Assignment: Pictures are to be left out, and only the lines below starting at the one with "To quickly recap: we've" and ending at the one with "For example, a" are to be reproduced, each exactly, both ends included.

Records contained in a dataset:
• • • •

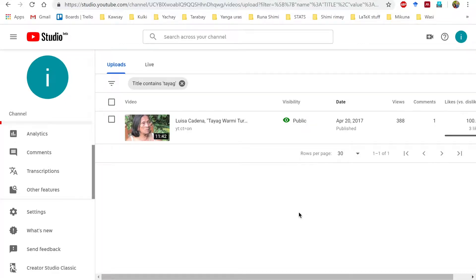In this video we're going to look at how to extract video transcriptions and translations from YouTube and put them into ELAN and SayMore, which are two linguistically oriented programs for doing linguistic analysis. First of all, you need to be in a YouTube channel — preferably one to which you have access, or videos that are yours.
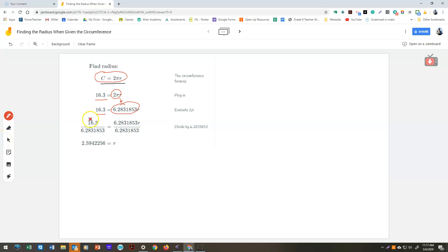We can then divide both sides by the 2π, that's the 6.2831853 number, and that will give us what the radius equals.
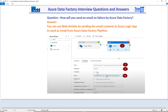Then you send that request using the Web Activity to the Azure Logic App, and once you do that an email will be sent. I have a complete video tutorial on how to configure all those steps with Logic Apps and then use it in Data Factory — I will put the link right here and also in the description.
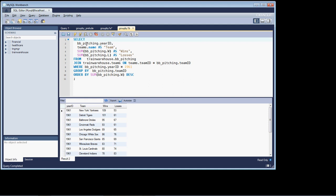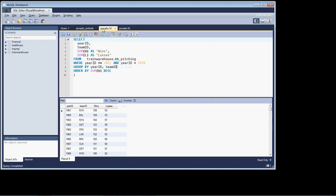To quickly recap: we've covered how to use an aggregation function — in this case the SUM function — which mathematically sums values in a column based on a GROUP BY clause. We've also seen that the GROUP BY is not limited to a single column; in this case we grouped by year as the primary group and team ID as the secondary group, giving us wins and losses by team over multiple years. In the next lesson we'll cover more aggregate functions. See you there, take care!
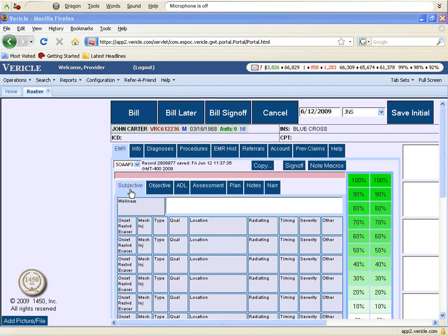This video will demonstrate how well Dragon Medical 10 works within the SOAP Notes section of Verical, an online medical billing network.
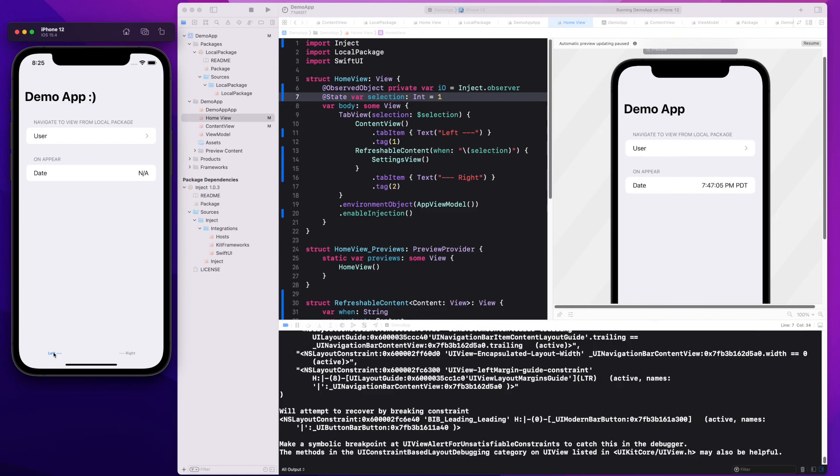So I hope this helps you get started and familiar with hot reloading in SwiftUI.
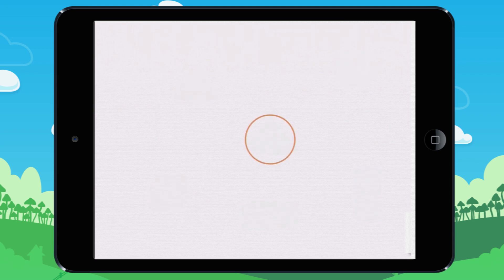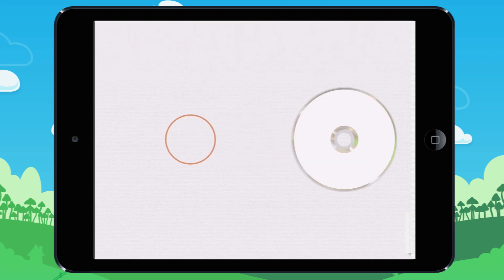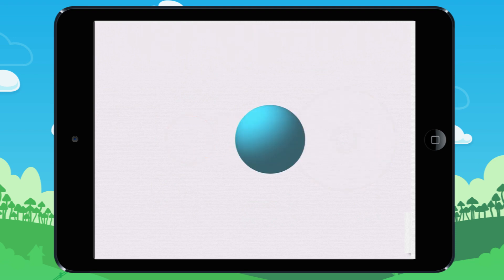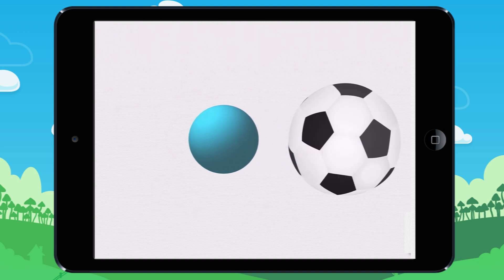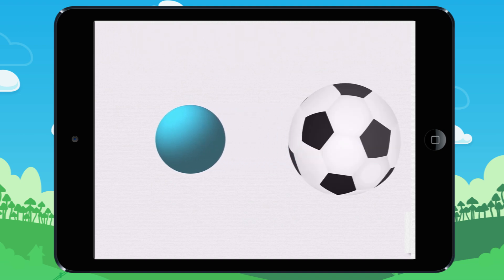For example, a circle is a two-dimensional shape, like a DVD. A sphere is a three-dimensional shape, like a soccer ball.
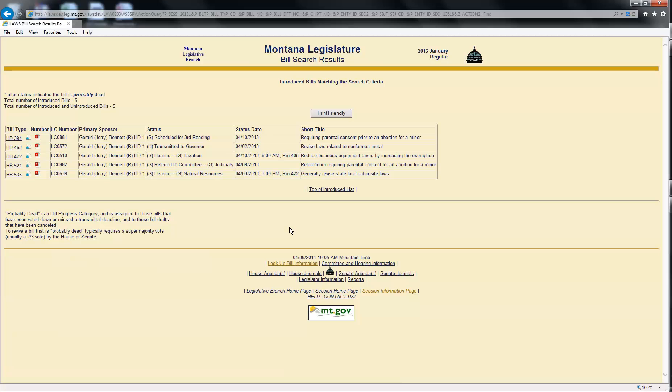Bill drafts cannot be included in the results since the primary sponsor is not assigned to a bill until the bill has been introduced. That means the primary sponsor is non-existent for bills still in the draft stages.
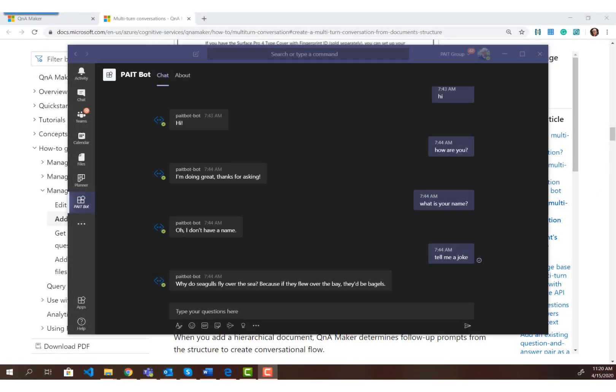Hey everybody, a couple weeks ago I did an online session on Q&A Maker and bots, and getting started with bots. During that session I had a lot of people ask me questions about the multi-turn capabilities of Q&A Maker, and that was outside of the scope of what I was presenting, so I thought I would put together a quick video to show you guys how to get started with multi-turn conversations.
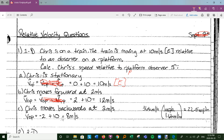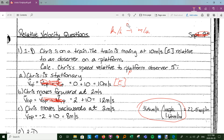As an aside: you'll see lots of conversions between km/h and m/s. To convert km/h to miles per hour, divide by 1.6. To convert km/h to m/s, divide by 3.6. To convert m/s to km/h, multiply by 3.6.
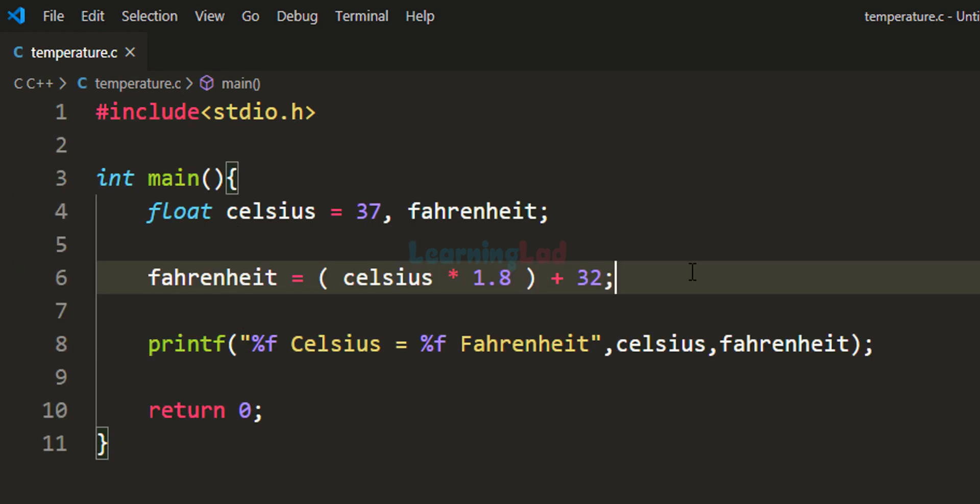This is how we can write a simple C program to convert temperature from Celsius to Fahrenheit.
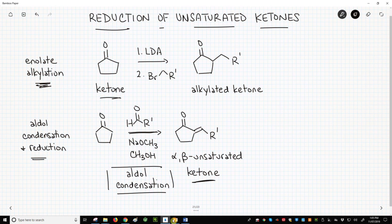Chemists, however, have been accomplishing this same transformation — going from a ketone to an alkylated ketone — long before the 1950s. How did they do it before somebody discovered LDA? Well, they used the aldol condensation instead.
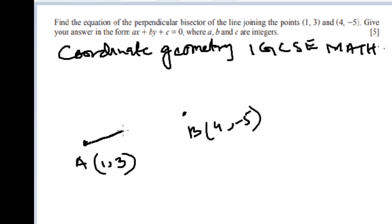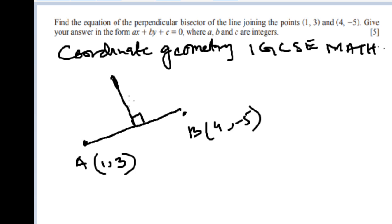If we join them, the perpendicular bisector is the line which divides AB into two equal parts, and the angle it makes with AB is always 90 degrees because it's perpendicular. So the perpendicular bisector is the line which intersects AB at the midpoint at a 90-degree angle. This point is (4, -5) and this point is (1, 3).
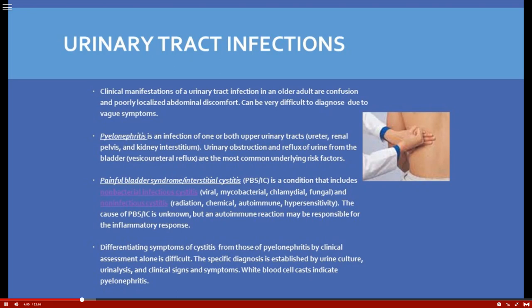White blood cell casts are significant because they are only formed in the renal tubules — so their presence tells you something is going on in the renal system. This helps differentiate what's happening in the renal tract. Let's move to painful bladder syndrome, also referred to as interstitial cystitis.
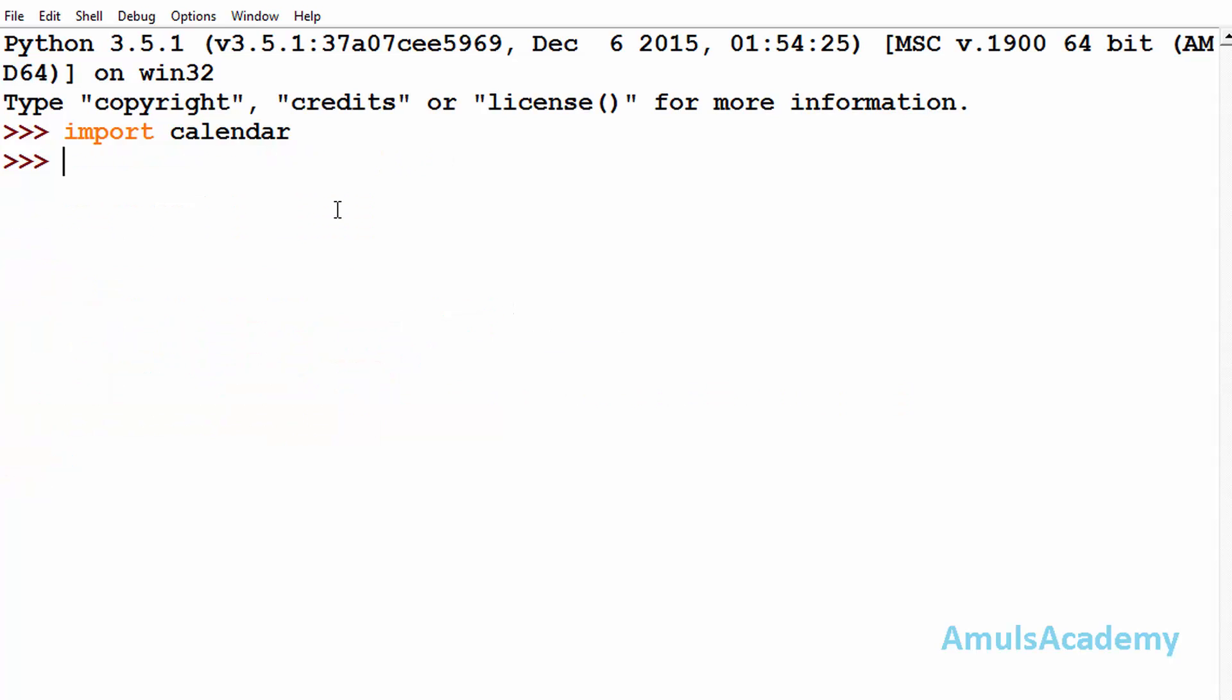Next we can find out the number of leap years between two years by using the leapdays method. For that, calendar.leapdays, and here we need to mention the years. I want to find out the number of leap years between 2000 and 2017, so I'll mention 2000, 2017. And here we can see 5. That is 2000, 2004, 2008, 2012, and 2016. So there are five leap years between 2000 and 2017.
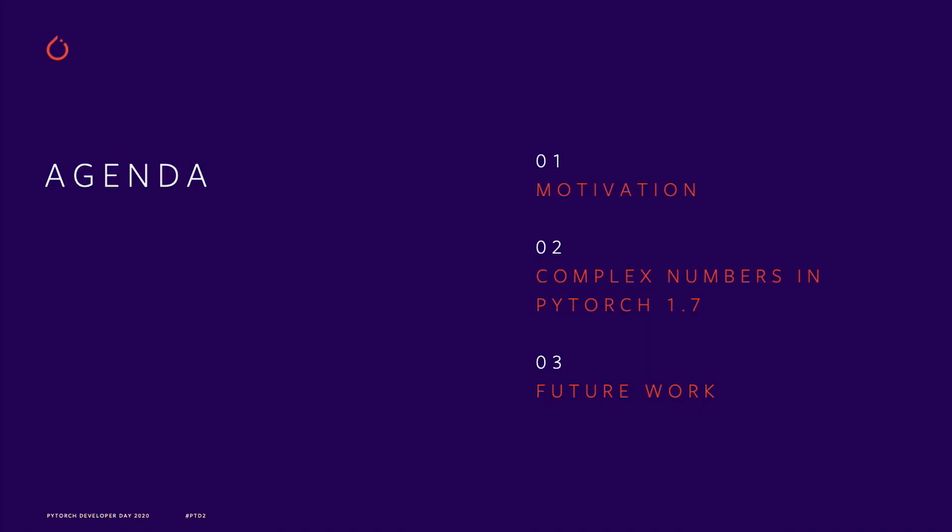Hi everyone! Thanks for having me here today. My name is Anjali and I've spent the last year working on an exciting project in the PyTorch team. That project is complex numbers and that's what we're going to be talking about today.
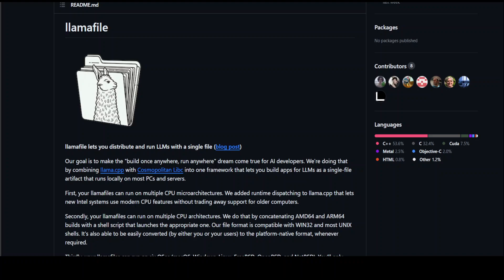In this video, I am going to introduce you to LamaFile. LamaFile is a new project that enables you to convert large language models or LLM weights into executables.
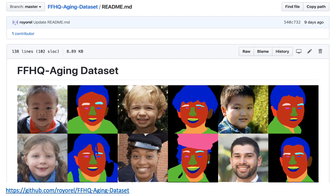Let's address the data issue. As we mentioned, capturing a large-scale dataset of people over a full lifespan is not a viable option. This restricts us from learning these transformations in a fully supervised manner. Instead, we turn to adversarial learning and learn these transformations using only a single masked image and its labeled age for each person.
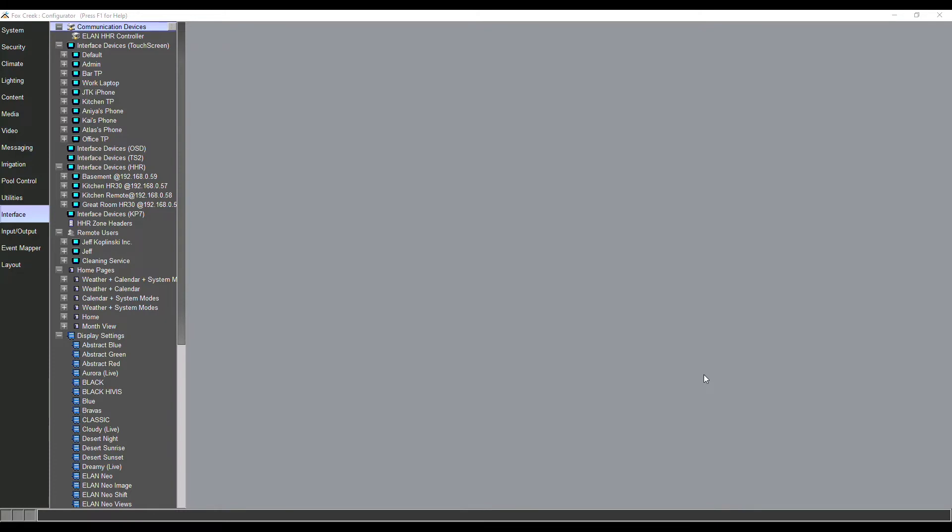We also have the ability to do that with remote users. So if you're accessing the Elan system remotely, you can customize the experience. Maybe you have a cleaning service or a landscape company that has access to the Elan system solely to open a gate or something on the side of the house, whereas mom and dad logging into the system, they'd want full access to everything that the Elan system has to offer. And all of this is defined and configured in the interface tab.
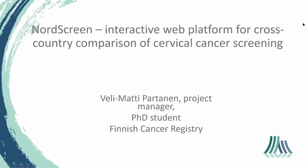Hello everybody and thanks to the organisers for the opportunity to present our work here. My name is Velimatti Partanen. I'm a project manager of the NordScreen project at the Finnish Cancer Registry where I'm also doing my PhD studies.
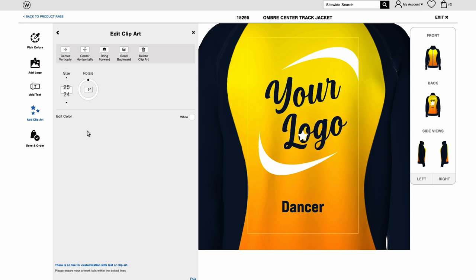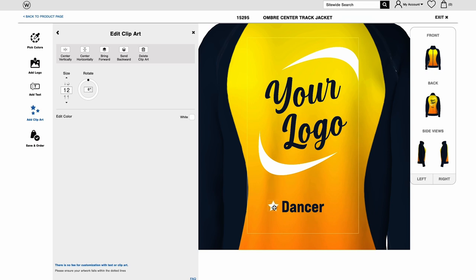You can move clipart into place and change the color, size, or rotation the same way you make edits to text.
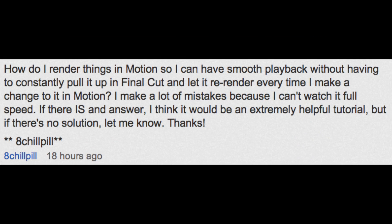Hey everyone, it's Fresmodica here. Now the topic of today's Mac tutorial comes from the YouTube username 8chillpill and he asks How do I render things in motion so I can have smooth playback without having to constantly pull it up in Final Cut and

• • • •

Exercise result:
To quickly recap: we've covered how to use an aggregation function — in this case the SUM function — which mathematically sums values in a column based on a GROUP BY clause. We've also seen that the GROUP BY is not limited to a single column; in this case we grouped by year as the primary group and team ID as the secondary group, giving us wins and losses by team over multiple years. In the next lesson we'll cover more aggregate functions. See you there, take care!
This video will demonstrate how well Dragon Medical 10 works within the SOAP Notes section of Verical, an online medical billing network.
So I hope this helps you get started and familiar with hot reloading in SwiftUI.
For example, a circle is a two-dimensional shape, like a DVD. A sphere is a three-dimensional shape, like a soccer ball.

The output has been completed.